The Judge, Blood Meridian's main antagonist, whose voice easily blends with the narration, instructs the Kid, his own 15-year-old companion, "Your heart's desire is to be told some mystery. The mystery is that there is no mystery." "The order in creation which you see is that which you have put there."

The Judge -- supernaturally strong, learned and destructive -- would be himself the most powerful agent in ordering that world. And in this novel he is. War is his means of ordering. "War is god."

Such terms seem endorsed by the arc of this story. Only the Judge survives. And yet the hero of Blood Meridian -- deplorable though he is, and although he is ultimately destroyed by the Judge -- is the Kid, a boy who refuses to abide the Judge and his terms.

There is a man the Kid refuses to shoot in the back, weakened companions the Kid will not leave to die, principles to which the Kid adheres in defiance of the otherwise absolute dictates of self-preservation and war.
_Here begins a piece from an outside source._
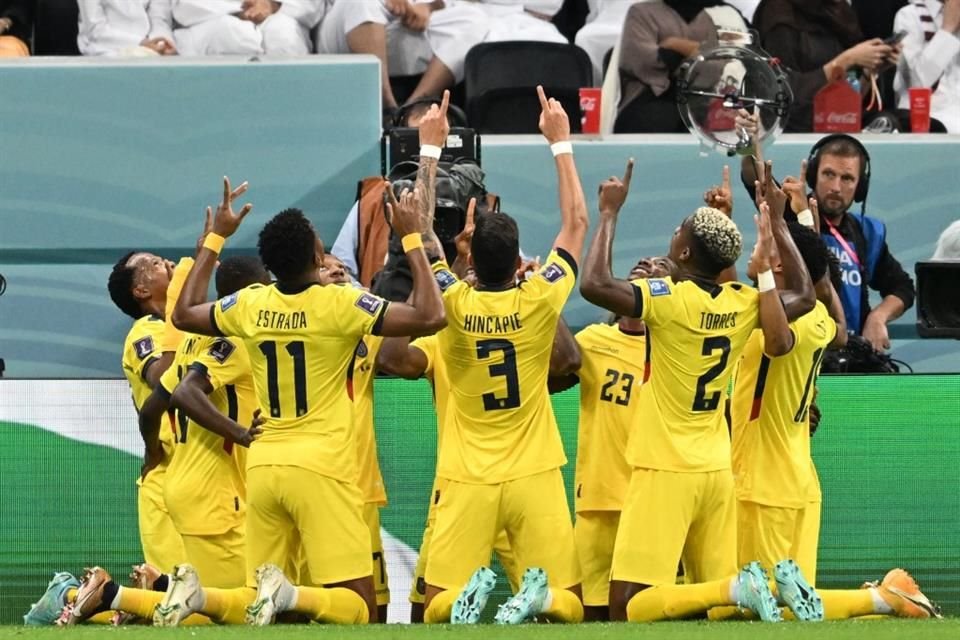 Hincados y con señalizaciones al cielo, así fue como Ecuador celebró sus goles.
This offends the Judge. "Moral law is an invention of mankind for the disenfranchisement of the powerful in favor of the weak." The Kid struggles against the Judge and his logic until the very end.
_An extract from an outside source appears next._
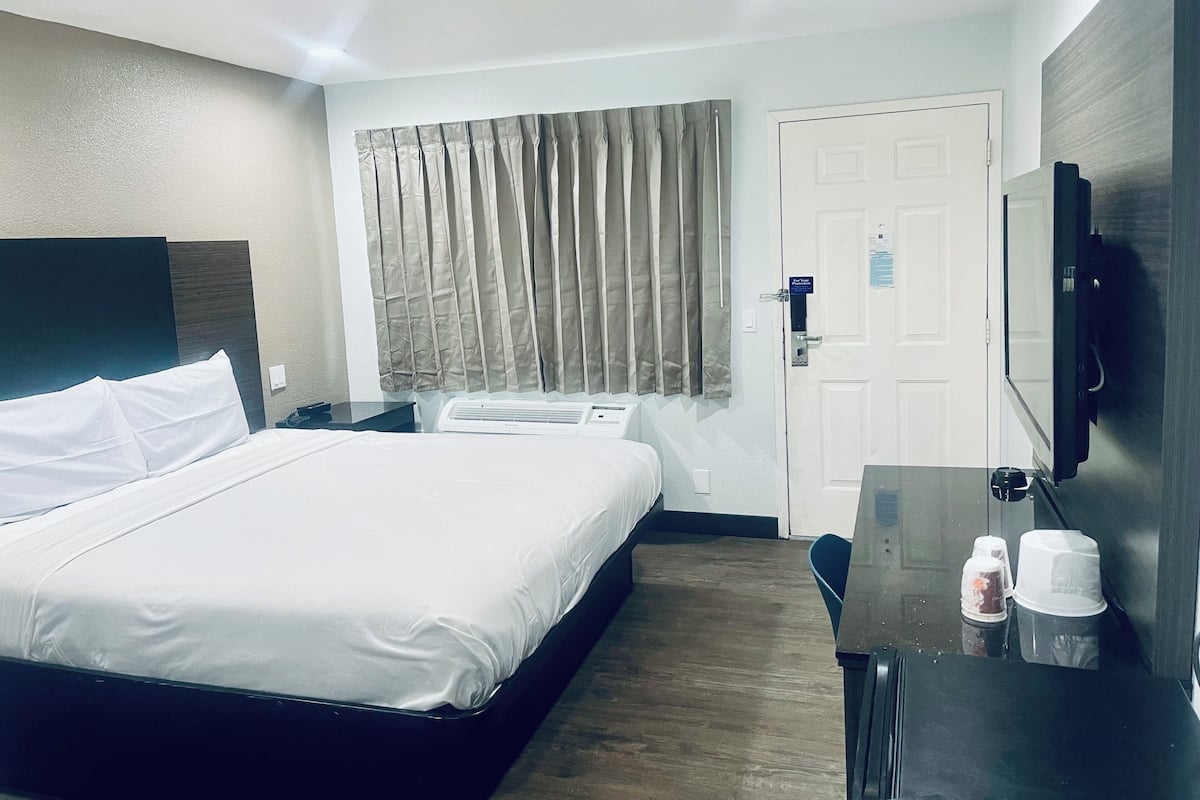Deluxe Room, 1 King Bed, Smoking, Refrigerator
"Perhaps struggle is all we have," Coates writes to his boy, "because the god of history is an atheist, and nothing about his world is meant to be. So you must wake up every morning knowing that no promise is unbreakable, least of all the promise of waking up at all. This is not despair. These are the preferences of the universe itself: verbs over nouns, actions over states, struggle over hope."

And if not hope, what then is the reward of this struggle? Coates tells his son that the struggle itself is its own reward. "That is the deeper meaning of your name -- that the struggle, in and of itself, has meaning." And he tells his son, "The greatest reward of this constant interrogation, of confrontation with the brutality of my country, is that it has freed me from ghosts and girded me against the sheer terror of disembodiment."

In my life, in my body and country, this is not a terror that I have felt, or that either of my own sons are likely to feel. No such fear from which to be freed, this is my privilege and the awful imbalance. What reward then to me, or my sons -- or my white book group fellows -- from some such parallel interrogation and confrontation with the brutality of my country?

A loss of innocence, James Baldwin might say. Which may only be a starting point, but still is no small thing. To the 15-year-old boy in his own life, his nephew, James Baldwin wrote a letter in 1963. "One can be, indeed one must strive to become, tough and philosophical concerning destruction and death... But it is not permissible that the authors of devastation should also be innocent. It is the innocence which constitutes the crime."

I don't know what my book group should read next. Maybe McCarthy, maybe Coates, maybe Baldwin. We don't typically read non-fiction. All but one of us has young children, and their 15th birthdays will come quicker than we think. Maybe I'll choose a novel that fully centers on young people growing up in this country. James Baldwin's If Beale Street Could Talk might be a good choice.